Jeudi 3 septembre à six heures du matin, six fonctionnaires de la police judiciaire et de la brigade anti-terroriste étaient à mon domicile
, alors que mon épouse et moi étions absents.Sans l’intervention d’une voisine, alertée par le vacarme, ils auraient probablement enfoncé la porte. Après avoir pris rendez vous, ils sont revenus le lendemain matin pour procéder à une perquisition, prise d’ADN , échantillon graphologique et interrogatoire. Je me suis opposé à la perquisition au relevé d’écriture et à la prise d’ADN. N’ayant pas de mandat de perquisition, ils ont été obligés d’en demander un au procureur anti-terroriste du tribunal de grande instance de Paris. Le procureur a refusé de délivrer ce mandat !
Cela s’est produit dans le cadre de la chasse au "corbeau" qui, selon la presse, mobilise la fine fleur de la police nationale. Jeudi 3 septembre il y avait près de 150 policiers mobilisés :brigade anti-terroriste, direction
centrale du renseignement intérieur, police judiciaire parisienne, pilotés par un procureur anti-terroriste du tribunal de grande instance de Paris.
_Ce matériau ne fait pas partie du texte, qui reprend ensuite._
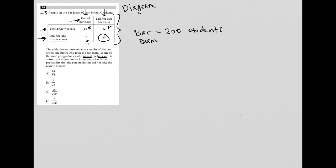How many students passed the bar exam? Well, 18 passed who took the review course, and seven passed who did not take the review course. So 18 plus seven equals 25 passed.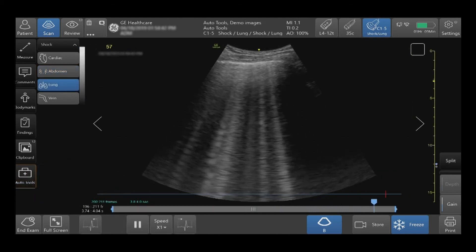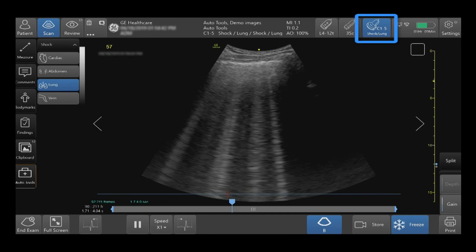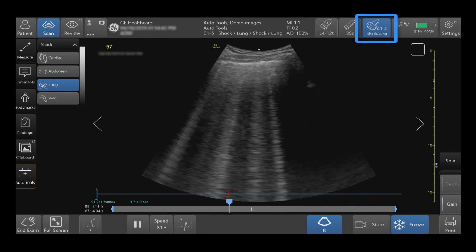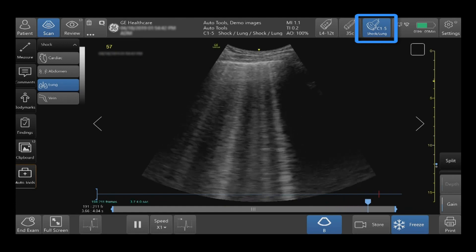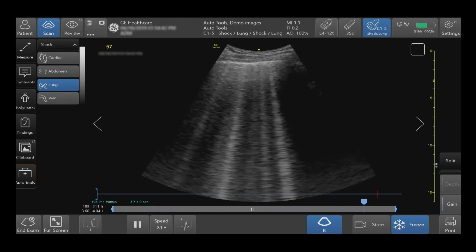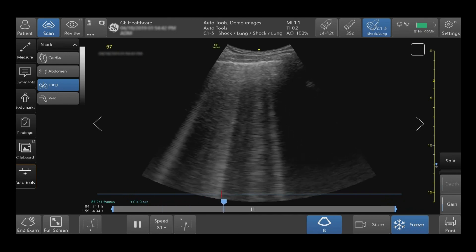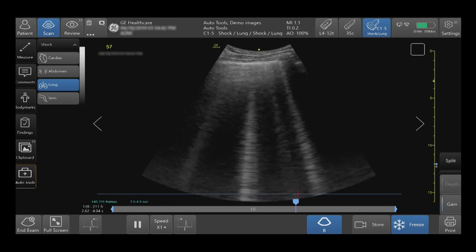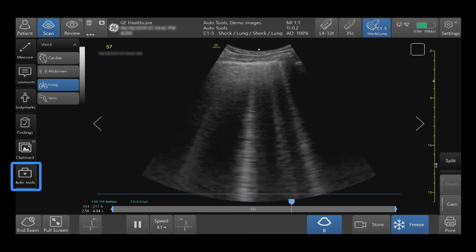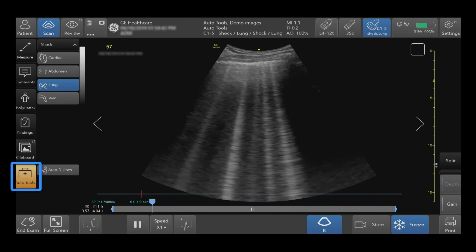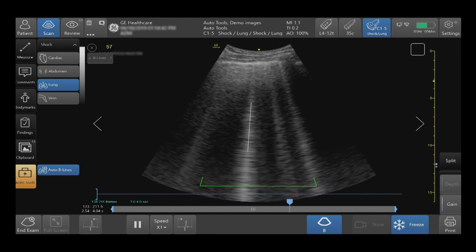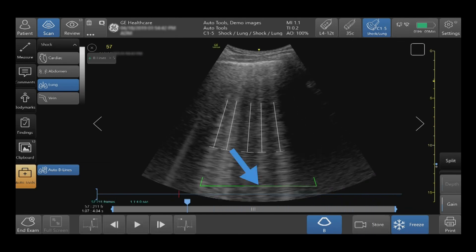To properly use the Auto B-Line Auto tool, select the correct probe and preset. In this case, I will be using the C1-5 probe and the lung preset. The Auto B-Line tool highlights and counts the number of B-Lines in real time. Using B-Mode, demonstrate the desired lung space. Activate the Auto Tools tab on the bottom left hand side of your touch screen, then tap Auto B-Lines. When live scanning, your quality indicator will appear.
Une vingtaine de personnes ont été interrogées, perquisitionnées à 6 heures du matin, 11 mises en garde à vue pour trois jours, sans possibilité de contact extérieur.
La presse a abondamment fait état des pressions exercées "en haut lieu" sur la police. L’arrestation d’un corbeau psychopathe qui signe "cellule 34" présente peu d’intérêt pour le pouvoir, par contre l’arrestation d’un groupe terroriste offre des possibilités d’exploitation politique.
La police va donc tenter de le fabriquer de toute pièces.
A un buraliste, militant communiste, on a donné le rôle du suspect principal, au prétexte qu’il envoie de nombreuses lettres, parfois un peu rudes, aux élus et qu’il s’agit d’un ancien légionnaire. Contrairement au corbeau il signe ses lettres. Il n’est pas le seul à posséder des armes et des balles dans un secteur où CPNT a réalisé jusqu’à 45 % des voix. Mais tous les possesseurs
d’armes ne sont pas des corbeaux potentiels !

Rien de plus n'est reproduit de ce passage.